[Records from a data source]
· · · · ·
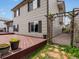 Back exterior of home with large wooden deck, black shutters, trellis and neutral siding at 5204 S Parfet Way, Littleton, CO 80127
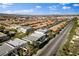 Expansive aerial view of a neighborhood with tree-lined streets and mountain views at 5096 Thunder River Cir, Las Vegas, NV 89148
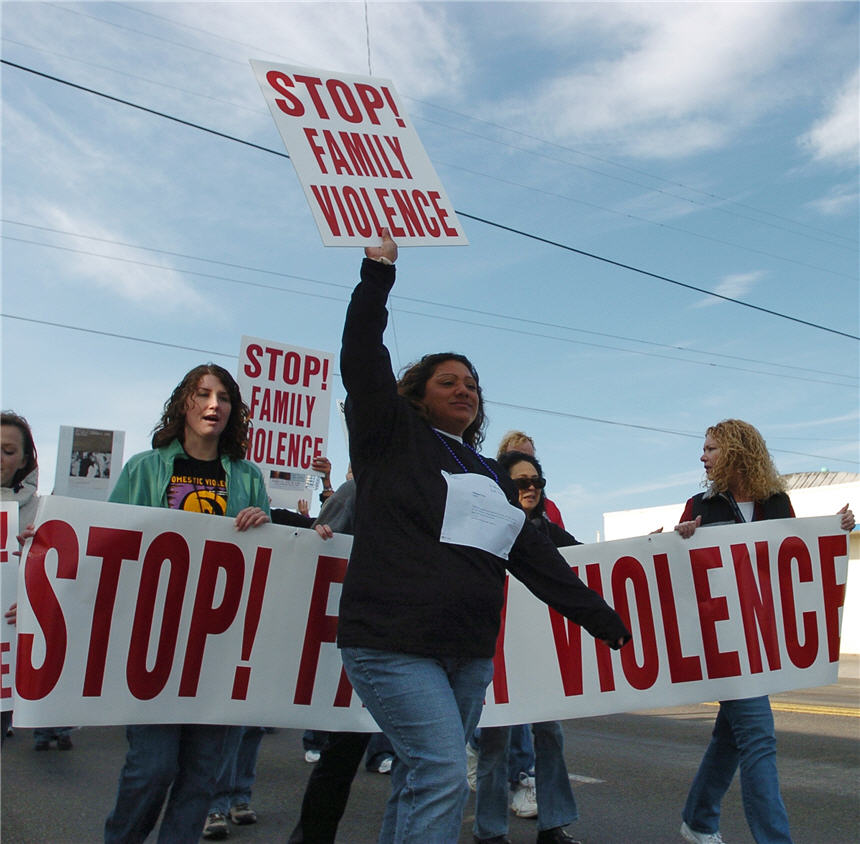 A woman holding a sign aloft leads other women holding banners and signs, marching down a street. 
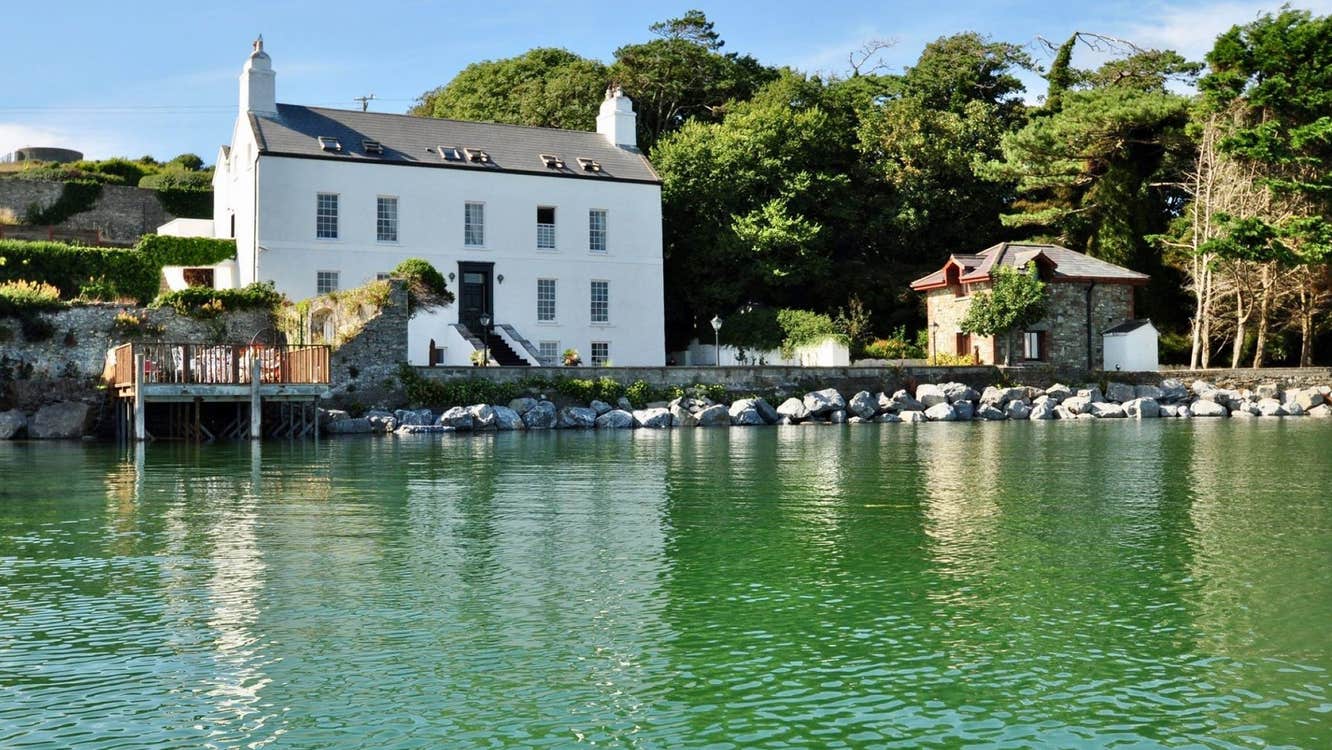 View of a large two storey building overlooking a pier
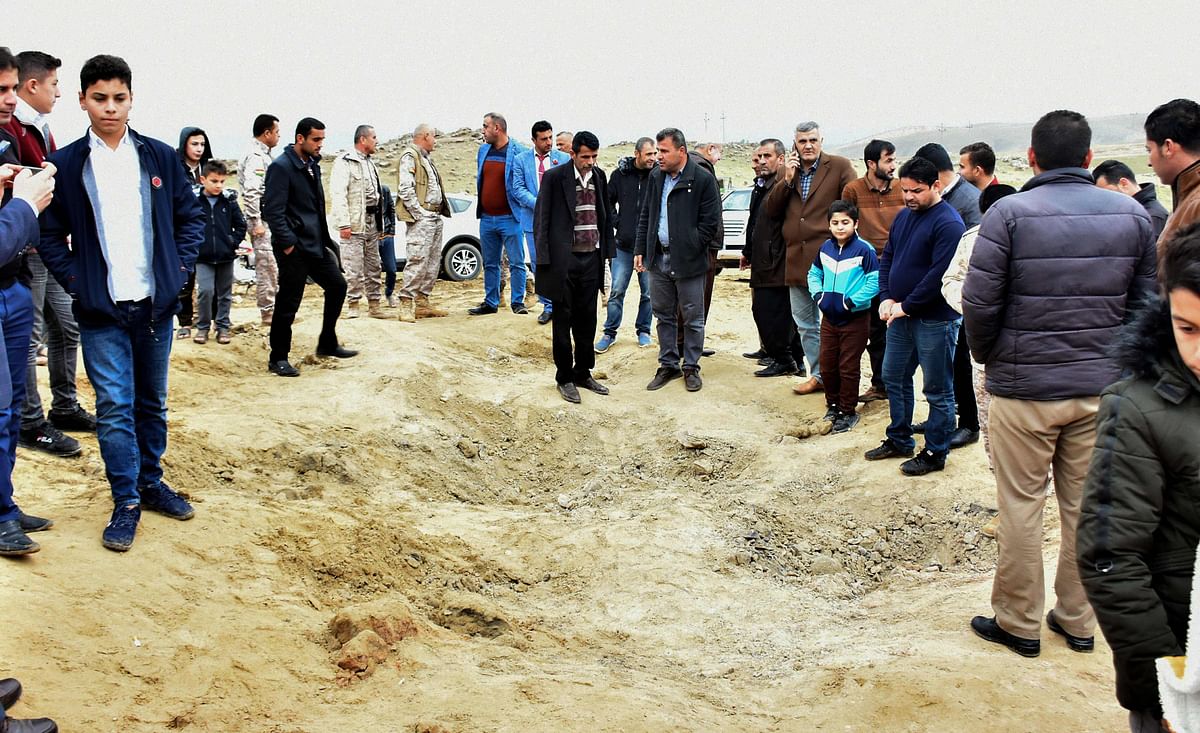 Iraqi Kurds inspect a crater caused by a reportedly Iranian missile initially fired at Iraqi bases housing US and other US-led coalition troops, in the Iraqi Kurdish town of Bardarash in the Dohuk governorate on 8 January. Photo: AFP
· · · · ·
Output all entries unchanged; skip the pictures.

 Back exterior of home with large wooden deck, black shutters, trellis and neutral siding at 5204 S Parfet Way, Littleton, CO 80127
 Expansive aerial view of a neighborhood with tree-lined streets and mountain views at 5096 Thunder River Cir, Las Vegas, NV 89148
 A woman holding a sign aloft leads other women holding banners and signs, marching down a street. 
 View of a large two storey building overlooking a pier
 Iraqi Kurds inspect a crater caused by a reportedly Iranian missile initially fired at Iraqi bases housing US and other US-led coalition troops, in the Iraqi Kurdish town of Bardarash in the Dohuk governorate on 8 January. Photo: AFP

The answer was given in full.